Seraient alors arrivés, toujours selon Mendes, "l'ex" de Jennifer, toujours avec deux amis. Samir s'en serait pris verbalement à Jennifer. Mendes se serait interposé. Une scène dont n'ont gardé aucun souvenir les serveurs du bar. Le petit groupe serait alors parti s'expliquer sur le parking de la plage de Nauzan, à quelques centaines de mètres. Mendes aurait désarmé Samir de son couteau, avant de laisser la clique régler ses histoires entre elle.

Le reste de sa nuit,José Mendes à déclaré l'avoir consacré à commettre un cambriolage à Chenac-Saint-Seurin-d'Uzet, avec deux connaissances, dont l'introuvable Momo.

Cet épisode du cambriolage, Mendes l'a avancé le matin même à sa compagne pour tenter de justifier sa nuit hors du domicile, mais aussi les "coulures de sang entre les doigts" de Mendes remarquées et décrites plus tard aux enquêteurs par Julie Thomas, les traces de boue sur le bas de caisse de la voiture, que Mendes a demandé à sa compagne de laver, coffre compris, le matin même.

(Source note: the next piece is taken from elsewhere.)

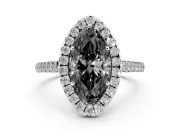 Marquise Halo Engagement Ring Setting for a Black Center | Pavé Shoulders | Sterling Silver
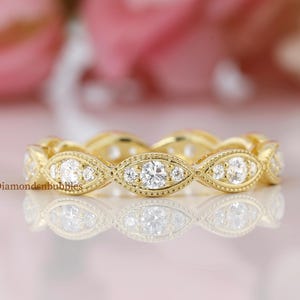 Full Eternity Band, Art Deco Vintage Style Moissanite Wedding Band, Infinity Band, Round Moissanite Milgrain Band, Bezel Set Milgrain Band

4. Abdelaziz Seridi et José Nuno Mendes ont-ils pu être complices dans ce meurtre ?

Pour Mendes, Samir a d'abord été "Karim", un homme petit et râblé. Première ombre sur la réalité des éventuels liens de connaissance entre les deux hommes. Certes, José Mendes et Samir fréquentaient des établissements communs, bars, bureau de tabac. Royan, ceci dit, reste une petite ville. Après moult investigations, après avoir "examiné la téléphonie des deux sur un an et même deux mois et demi après le meurtre, nous n'avons trouvé aucun lien entre José Nuno Mendes et Abdelaziz Seridi", a témoigné ce vendredi matin Stéphane Marie, le directeur d'enquête.

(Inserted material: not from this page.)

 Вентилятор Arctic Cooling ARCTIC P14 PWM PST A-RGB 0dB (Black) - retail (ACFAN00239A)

Aucun élément ne rattache non plus Samir à la scène de crime. Certes, son ADN a été retrouvé sur le chemisier et le pantalon de la victime, mais cette dernière a été sa petite amie pendant deux mois et tous les témoins entendus au cours du procès ont confirmé qu'aucun motif connu de contentieux n'existait entre eux.

L'ADN de José Mendes, en revanche, outre sur le chemisier, apparaît aussi sur une étiquette du sac à main de Jennifer. Cette étiquette extraite sans doute accidentellement du sac a été retrouvée à côté du corps. Les "coulures de sang" sur ses doigts intriguent aussi. Ce sang aurait été celui de l'un de ses complices, blessé par un coup de fusil lors du "cambriolage", dont les enquêteurs n'ont jamais retrouvé la moindre trace.

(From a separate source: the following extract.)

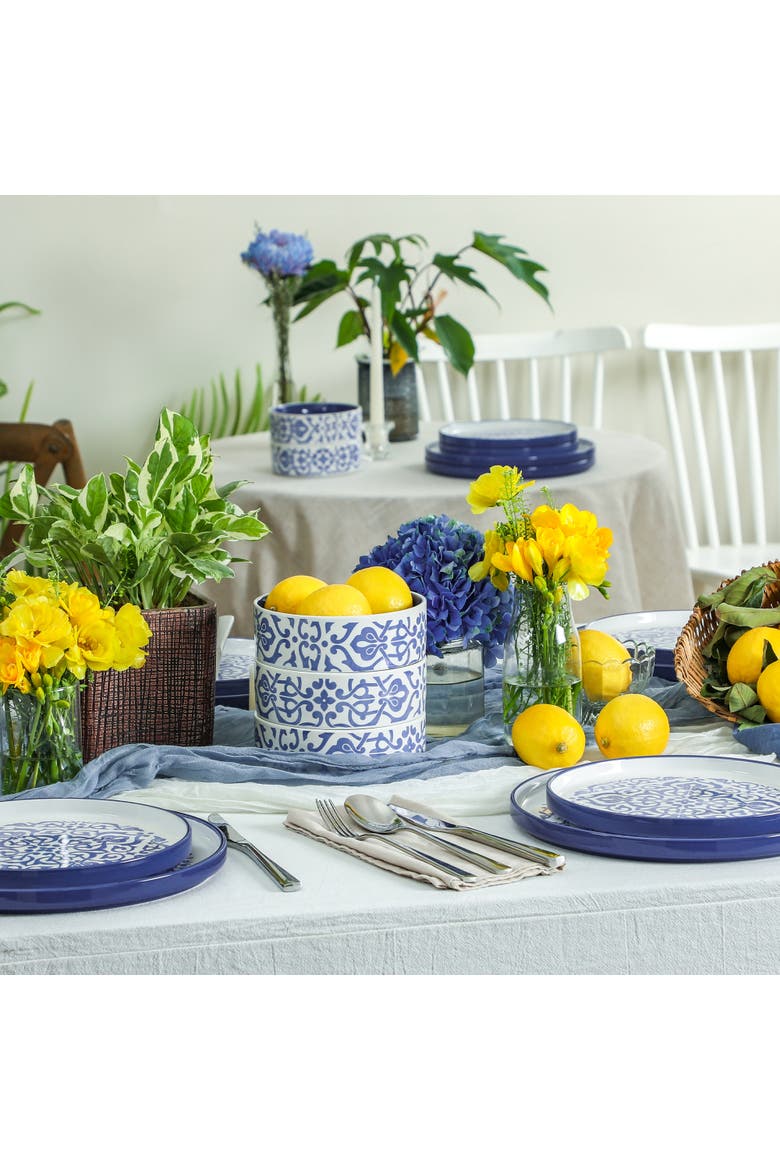 Tropea Stoneware 24-Piece Dinnerware Set, Alternate, color, Blue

Et s'il n'a pas utilisé sa voiture pour ce cambriolage, comment Mendes pouvait-il expliquer ces projections de boue sur un véhicule lavé... la veille. Un endroit boueux, le dossier en connait un, le chemin menant au terrain où Jennifer Charron a été tuée. 

Autre élément troublant: le portable de Jennifer a cessé d'émettre un peu avant 2 heures du matin. Il a déclenché le relais téléphonique de La Palmyre à 1h28. Le portable de José Mendes a déclenché ce même relais, dans la même période.

5. Que répondront ce soir les jurés à la question qui leur est posée: Abdelaziz Seridi a-t-il volontairement donné la mort à Jennifer Charron dans la nuit du 27 au 28 avril 2007 ?

Le juge d'instruction Serge Rey s'étonnait jeudi, hors audience, qu'on "renvoie devant une cour d'assises deux hommes pour le même chef d'accusation de meurtre. Un seul a tué, un seul a porté le coup à la tête." Cet unique meurtrier peut-il être Abdelaziz Seridi ? La réponse du jury dépendra forcément, pour partie, de la lecture qu'auront les jurés des explications données en son temps par José Nuno Mendes. Et s'ils estiment ce dernier impliqué dans la mort de Jennifer, quel place prêteront-ils à Samir dans cette hypothèse ? Réponses attendues dans la soirée.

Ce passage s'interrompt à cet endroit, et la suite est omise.